## Task statement
Extract the stretch of lines that starts at the line with "2011 Mercury Gray" and ends at the last line of the data below. Give it exactly, without pictures.

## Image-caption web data
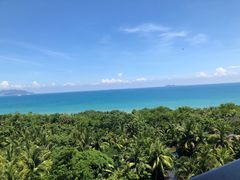 -三亚湾海居铂尔曼度假酒店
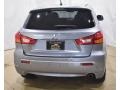 2011 Mercury Gray Mitsubishi Outlander Sport SE 4WD  photo #3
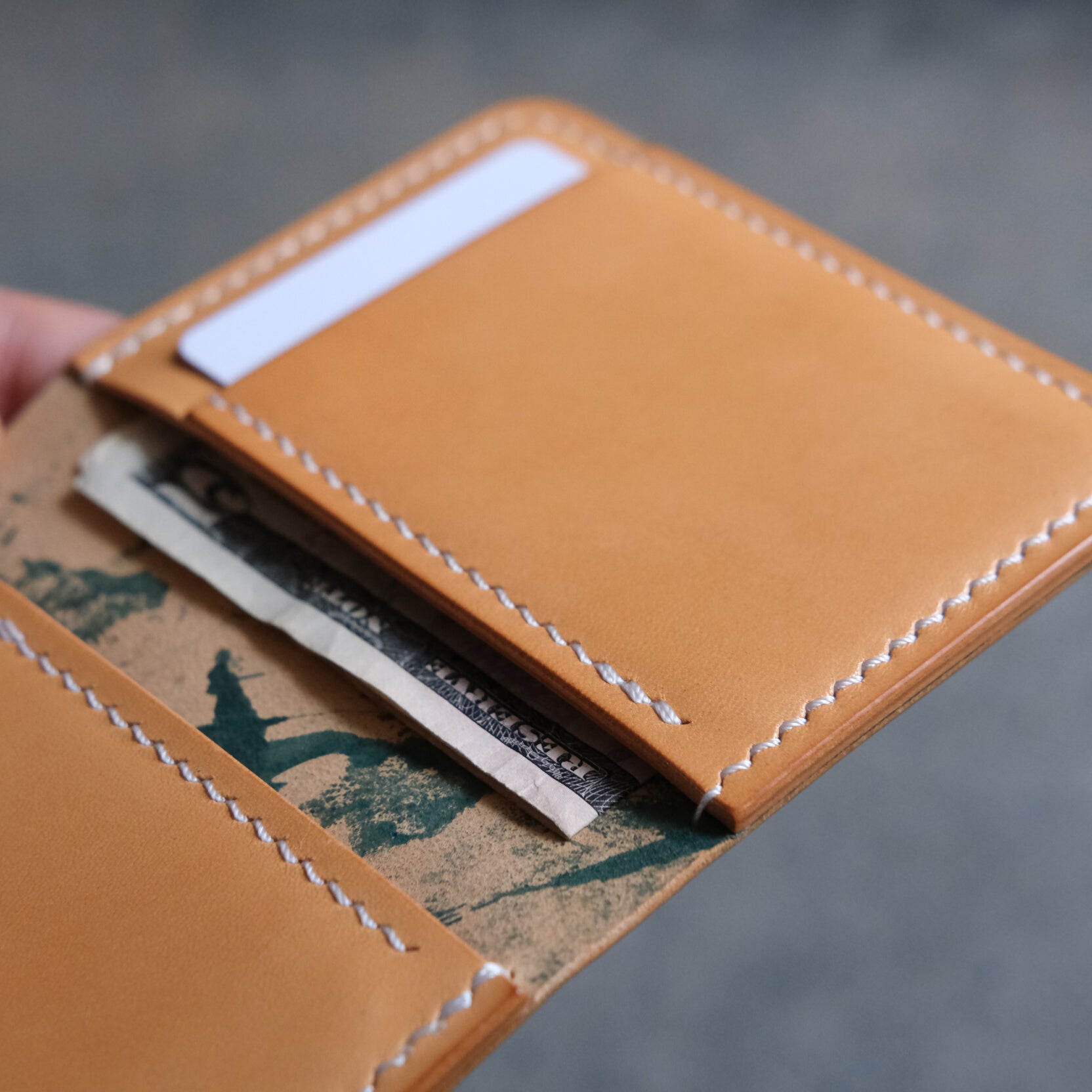 DS-007 The Boat Wallet Digital Pattern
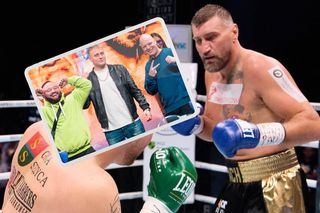 Mariusz Wach zapowiada bójkę jak na ulicy podczas PRIME MMA 14. To go skłoniło do walki z trzema rywalami jednocześnie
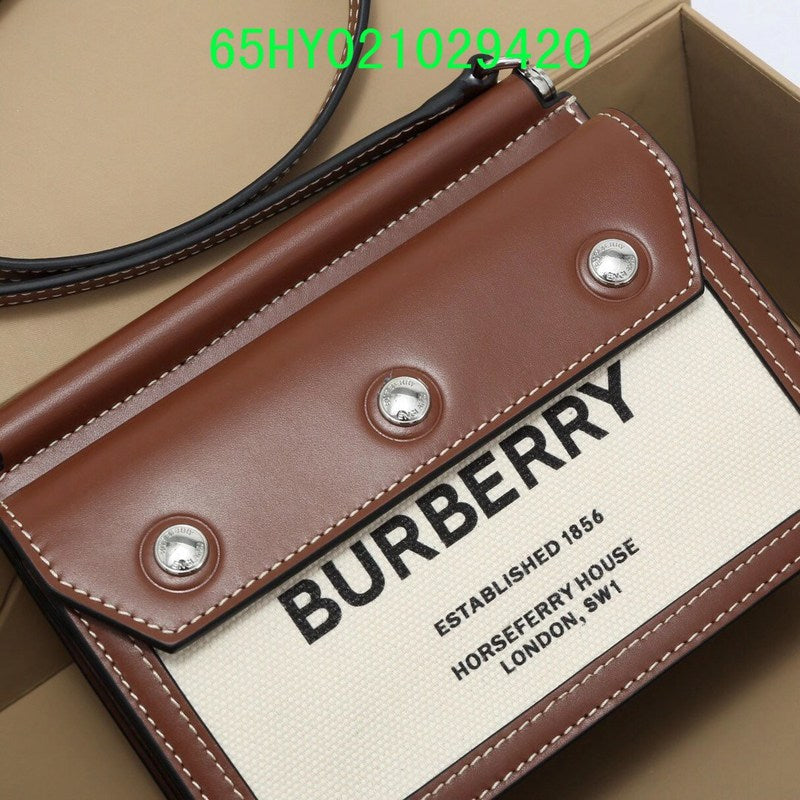Fan Fashion -GLM - Top quality BBR Bags - 613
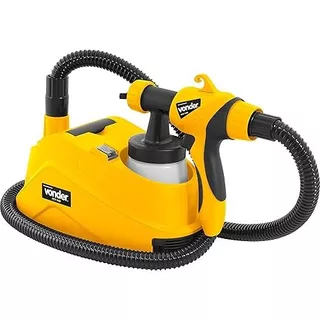 Pistola elétrica para pintura PEV 900,VONDER 220 V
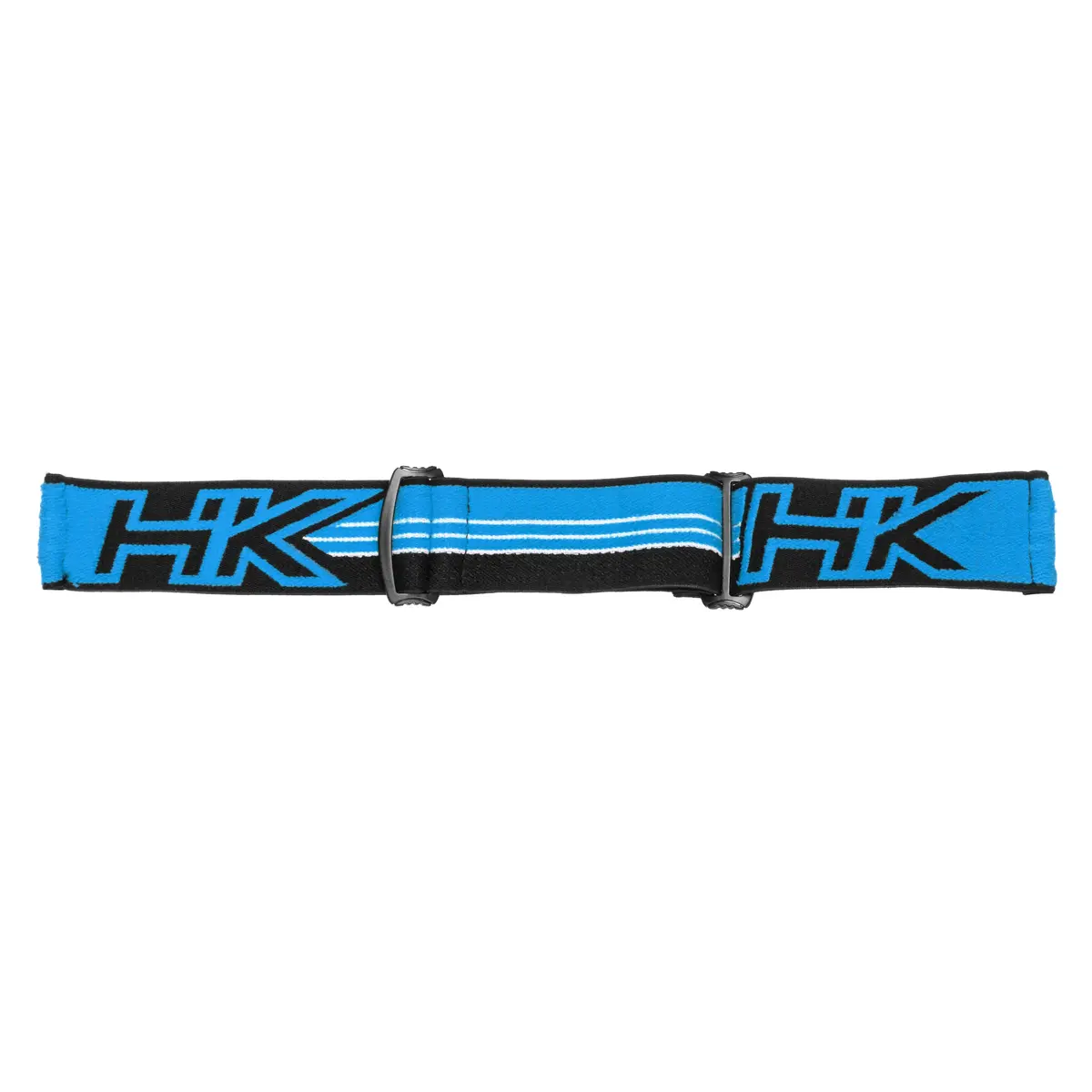 Goggle Strap - Flashpoint Turquoise 2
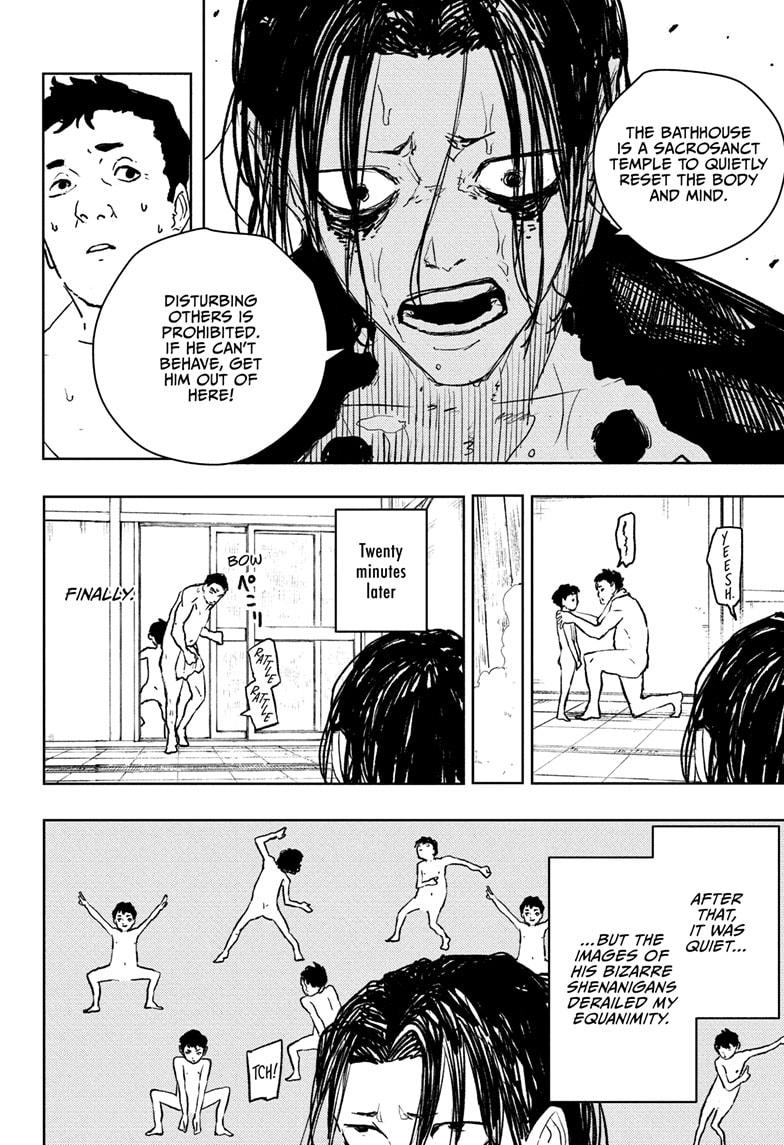 Kagurabachi English Chap 92.5 - Next Chap 93.5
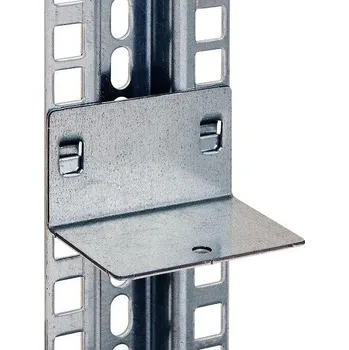 Rozvaděč Triton Podpěra poličky do stojanového rozvaděče - pár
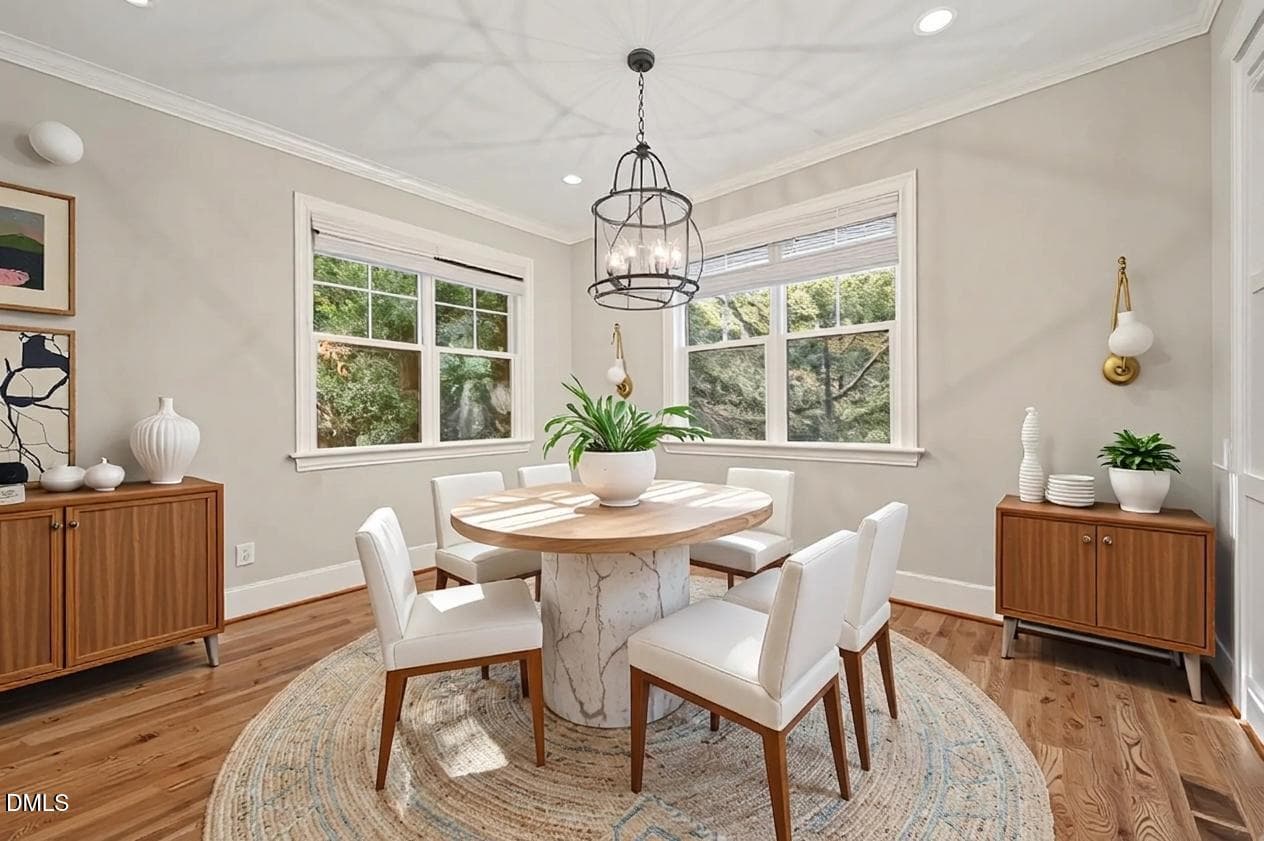 Virtually Staged - 12312 Bunchgrass Lane, Raleigh, NC 27614, Raleigh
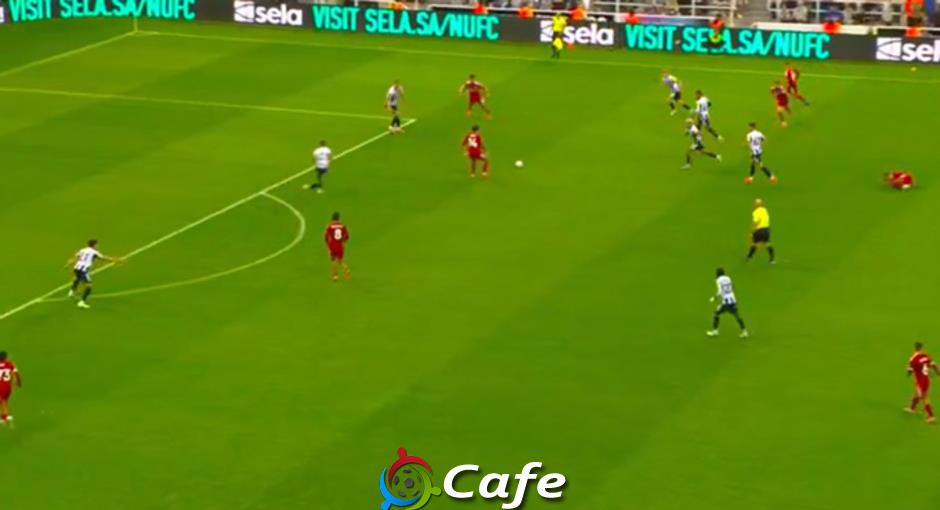 Pha lập công không có trong sách vở của Liverpool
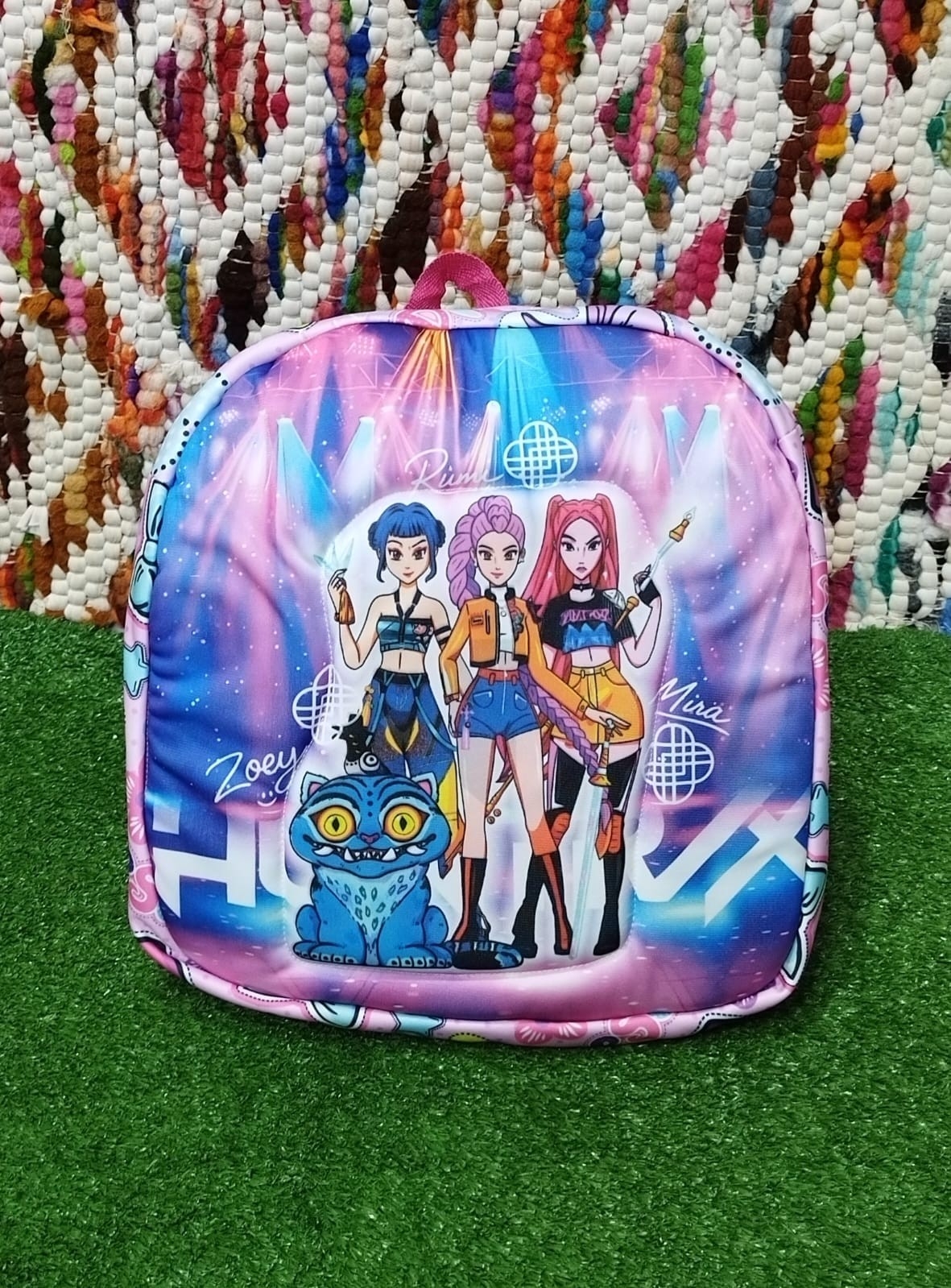 Liquidación*!!
*ingreso Mucho Stock*
mochilas
de Keten Tela Deportiva (3 D) - Imagen 1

## Response to the exercise
 2011 Mercury Gray Mitsubishi Outlander Sport SE 4WD  photo #3
 DS-007 The Boat Wallet Digital Pattern
 Mariusz Wach zapowiada bójkę jak na ulicy podczas PRIME MMA 14. To go skłoniło do walki z trzema rywalami jednocześnie
Fan Fashion -GLM - Top quality BBR Bags - 613
 Pistola elétrica para pintura PEV 900,VONDER 220 V
 Goggle Strap - Flashpoint Turquoise 2
 Kagurabachi English Chap 92.5 - Next Chap 93.5
 Rozvaděč Triton Podpěra poličky do stojanového rozvaděče - pár
 Virtually Staged - 12312 Bunchgrass Lane, Raleigh, NC 27614, Raleigh
 Pha lập công không có trong sách vở của Liverpool
 Liquidación*!!
*ingreso Mucho Stock*
mochilas
de Keten Tela Deportiva (3 D) - Imagen 1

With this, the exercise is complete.